## Task goal
Repeat the entire listing exactly.

Start of The data

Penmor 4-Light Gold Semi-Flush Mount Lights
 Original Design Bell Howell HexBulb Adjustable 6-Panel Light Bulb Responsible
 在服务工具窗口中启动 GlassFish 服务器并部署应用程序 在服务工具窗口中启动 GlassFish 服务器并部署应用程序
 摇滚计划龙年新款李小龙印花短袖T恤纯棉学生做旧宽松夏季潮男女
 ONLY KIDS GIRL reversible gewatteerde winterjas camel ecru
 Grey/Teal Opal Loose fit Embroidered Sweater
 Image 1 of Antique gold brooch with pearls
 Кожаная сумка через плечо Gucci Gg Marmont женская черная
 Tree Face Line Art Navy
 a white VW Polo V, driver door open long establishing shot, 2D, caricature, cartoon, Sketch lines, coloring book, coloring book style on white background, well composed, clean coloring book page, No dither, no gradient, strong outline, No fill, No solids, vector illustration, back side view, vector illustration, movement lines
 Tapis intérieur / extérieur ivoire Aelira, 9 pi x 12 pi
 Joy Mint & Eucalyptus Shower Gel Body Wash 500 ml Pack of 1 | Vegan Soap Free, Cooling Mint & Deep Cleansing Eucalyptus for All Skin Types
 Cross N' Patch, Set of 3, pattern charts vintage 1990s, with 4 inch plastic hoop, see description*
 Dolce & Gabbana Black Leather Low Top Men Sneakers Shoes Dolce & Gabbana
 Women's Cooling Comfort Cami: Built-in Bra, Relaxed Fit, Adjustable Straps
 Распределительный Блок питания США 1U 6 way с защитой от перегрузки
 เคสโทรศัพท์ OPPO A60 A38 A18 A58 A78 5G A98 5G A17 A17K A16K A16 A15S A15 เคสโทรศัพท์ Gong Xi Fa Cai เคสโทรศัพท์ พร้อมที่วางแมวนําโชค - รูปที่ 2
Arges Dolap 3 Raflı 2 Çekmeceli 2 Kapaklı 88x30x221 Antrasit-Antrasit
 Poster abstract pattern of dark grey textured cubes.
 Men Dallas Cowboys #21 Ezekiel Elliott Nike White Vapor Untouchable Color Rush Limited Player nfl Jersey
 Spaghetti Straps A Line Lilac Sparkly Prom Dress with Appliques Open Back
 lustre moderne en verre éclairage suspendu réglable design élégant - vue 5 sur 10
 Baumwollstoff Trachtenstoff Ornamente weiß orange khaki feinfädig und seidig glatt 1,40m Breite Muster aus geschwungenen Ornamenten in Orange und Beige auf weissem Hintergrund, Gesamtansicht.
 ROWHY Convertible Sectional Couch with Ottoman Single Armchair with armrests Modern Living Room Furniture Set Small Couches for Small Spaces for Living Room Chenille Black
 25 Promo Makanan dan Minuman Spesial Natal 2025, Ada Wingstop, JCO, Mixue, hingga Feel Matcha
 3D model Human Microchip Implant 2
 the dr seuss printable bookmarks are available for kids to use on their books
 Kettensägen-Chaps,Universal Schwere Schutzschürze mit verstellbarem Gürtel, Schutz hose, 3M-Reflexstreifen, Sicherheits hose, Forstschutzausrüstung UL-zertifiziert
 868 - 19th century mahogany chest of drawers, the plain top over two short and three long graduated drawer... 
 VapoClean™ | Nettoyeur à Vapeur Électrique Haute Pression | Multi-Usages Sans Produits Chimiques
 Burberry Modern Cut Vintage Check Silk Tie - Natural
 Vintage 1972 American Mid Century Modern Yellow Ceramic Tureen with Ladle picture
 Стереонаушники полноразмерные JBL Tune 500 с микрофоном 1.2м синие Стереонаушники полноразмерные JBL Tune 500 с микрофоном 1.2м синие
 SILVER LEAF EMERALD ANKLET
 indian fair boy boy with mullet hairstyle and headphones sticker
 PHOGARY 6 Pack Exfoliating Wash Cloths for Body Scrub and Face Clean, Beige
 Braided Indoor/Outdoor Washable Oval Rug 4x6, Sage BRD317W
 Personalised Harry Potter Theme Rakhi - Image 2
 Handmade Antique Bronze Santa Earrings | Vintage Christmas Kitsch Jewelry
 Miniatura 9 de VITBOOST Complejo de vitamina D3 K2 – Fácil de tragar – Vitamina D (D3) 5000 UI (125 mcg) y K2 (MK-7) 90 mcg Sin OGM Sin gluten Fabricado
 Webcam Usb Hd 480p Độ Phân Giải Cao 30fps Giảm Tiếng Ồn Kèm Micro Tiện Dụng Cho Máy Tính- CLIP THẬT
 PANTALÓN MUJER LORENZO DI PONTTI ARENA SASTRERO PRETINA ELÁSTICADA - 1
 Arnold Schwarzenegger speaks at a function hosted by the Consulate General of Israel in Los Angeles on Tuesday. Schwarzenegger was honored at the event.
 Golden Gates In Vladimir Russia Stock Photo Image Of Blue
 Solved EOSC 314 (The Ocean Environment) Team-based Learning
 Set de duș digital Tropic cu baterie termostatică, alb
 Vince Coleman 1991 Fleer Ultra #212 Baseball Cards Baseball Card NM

End of The data

## Expected output
Penmor 4-Light Gold Semi-Flush Mount Lights
 Original Design Bell Howell HexBulb Adjustable 6-Panel Light Bulb Responsible
 在服务工具窗口中启动 GlassFish 服务器并部署应用程序 在服务工具窗口中启动 GlassFish 服务器并部署应用程序
 摇滚计划龙年新款李小龙印花短袖T恤纯棉学生做旧宽松夏季潮男女
 ONLY KIDS GIRL reversible gewatteerde winterjas camel ecru
 Grey/Teal Opal Loose fit Embroidered Sweater
 Image 1 of Antique gold brooch with pearls
 Кожаная сумка через плечо Gucci Gg Marmont женская черная
 Tree Face Line Art Navy
 a white VW Polo V, driver door open long establishing shot, 2D, caricature, cartoon, Sketch lines, coloring book, coloring book style on white background, well composed, clean coloring book page, No dither, no gradient, strong outline, No fill, No solids, vector illustration, back side view, vector illustration, movement lines
 Tapis intérieur / extérieur ivoire Aelira, 9 pi x 12 pi
 Joy Mint & Eucalyptus Shower Gel Body Wash 500 ml Pack of 1 | Vegan Soap Free, Cooling Mint & Deep Cleansing Eucalyptus for All Skin Types
 Cross N' Patch, Set of 3, pattern charts vintage 1990s, with 4 inch plastic hoop, see description*
 Dolce & Gabbana Black Leather Low Top Men Sneakers Shoes Dolce & Gabbana
 Women's Cooling Comfort Cami: Built-in Bra, Relaxed Fit, Adjustable Straps
 Распределительный Блок питания США 1U 6 way с защитой от перегрузки
 เคสโทรศัพท์ OPPO A60 A38 A18 A58 A78 5G A98 5G A17 A17K A16K A16 A15S A15 เคสโทรศัพท์ Gong Xi Fa Cai เคสโทรศัพท์ พร้อมที่วางแมวนําโชค - รูปที่ 2
Arges Dolap 3 Raflı 2 Çekmeceli 2 Kapaklı 88x30x221 Antrasit-Antrasit
 Poster abstract pattern of dark grey textured cubes.
 Men Dallas Cowboys #21 Ezekiel Elliott Nike White Vapor Untouchable Color Rush Limited Player nfl Jersey
 Spaghetti Straps A Line Lilac Sparkly Prom Dress with Appliques Open Back
 lustre moderne en verre éclairage suspendu réglable design élégant - vue 5 sur 10
 Baumwollstoff Trachtenstoff Ornamente weiß orange khaki feinfädig und seidig glatt 1,40m Breite Muster aus geschwungenen Ornamenten in Orange und Beige auf weissem Hintergrund, Gesamtansicht.
 ROWHY Convertible Sectional Couch with Ottoman Single Armchair with armrests Modern Living Room Furniture Set Small Couches for Small Spaces for Living Room Chenille Black
 25 Promo Makanan dan Minuman Spesial Natal 2025, Ada Wingstop, JCO, Mixue, hingga Feel Matcha
 3D model Human Microchip Implant 2
 the dr seuss printable bookmarks are available for kids to use on their books
 Kettensägen-Chaps,Universal Schwere Schutzschürze mit verstellbarem Gürtel, Schutz hose, 3M-Reflexstreifen, Sicherheits hose, Forstschutzausrüstung UL-zertifiziert
 868 - 19th century mahogany chest of drawers, the plain top over two short and three long graduated drawer... 
 VapoClean™ | Nettoyeur à Vapeur Électrique Haute Pression | Multi-Usages Sans Produits Chimiques
 Burberry Modern Cut Vintage Check Silk Tie - Natural
 Vintage 1972 American Mid Century Modern Yellow Ceramic Tureen with Ladle picture
 Стереонаушники полноразмерные JBL Tune 500 с микрофоном 1.2м синие Стереонаушники полноразмерные JBL Tune 500 с микрофоном 1.2м синие
 SILVER LEAF EMERALD ANKLET
 indian fair boy boy with mullet hairstyle and headphones sticker
 PHOGARY 6 Pack Exfoliating Wash Cloths for Body Scrub and Face Clean, Beige
 Braided Indoor/Outdoor Washable Oval Rug 4x6, Sage BRD317W
 Personalised Harry Potter Theme Rakhi - Image 2
 Handmade Antique Bronze Santa Earrings | Vintage Christmas Kitsch Jewelry
 Miniatura 9 de VITBOOST Complejo de vitamina D3 K2 – Fácil de tragar – Vitamina D (D3) 5000 UI (125 mcg) y K2 (MK-7) 90 mcg Sin OGM Sin gluten Fabricado
 Webcam Usb Hd 480p Độ Phân Giải Cao 30fps Giảm Tiếng Ồn Kèm Micro Tiện Dụng Cho Máy Tính- CLIP THẬT
 PANTALÓN MUJER LORENZO DI PONTTI ARENA SASTRERO PRETINA ELÁSTICADA - 1
 Arnold Schwarzenegger speaks at a function hosted by the Consulate General of Israel in Los Angeles on Tuesday. Schwarzenegger was honored at the event.
 Golden Gates In Vladimir Russia Stock Photo Image Of Blue
 Solved EOSC 314 (The Ocean Environment) Team-based Learning
 Set de duș digital Tropic cu baterie termostatică, alb
 Vince Coleman 1991 Fleer Ultra #212 Baseball Cards Baseball Card NM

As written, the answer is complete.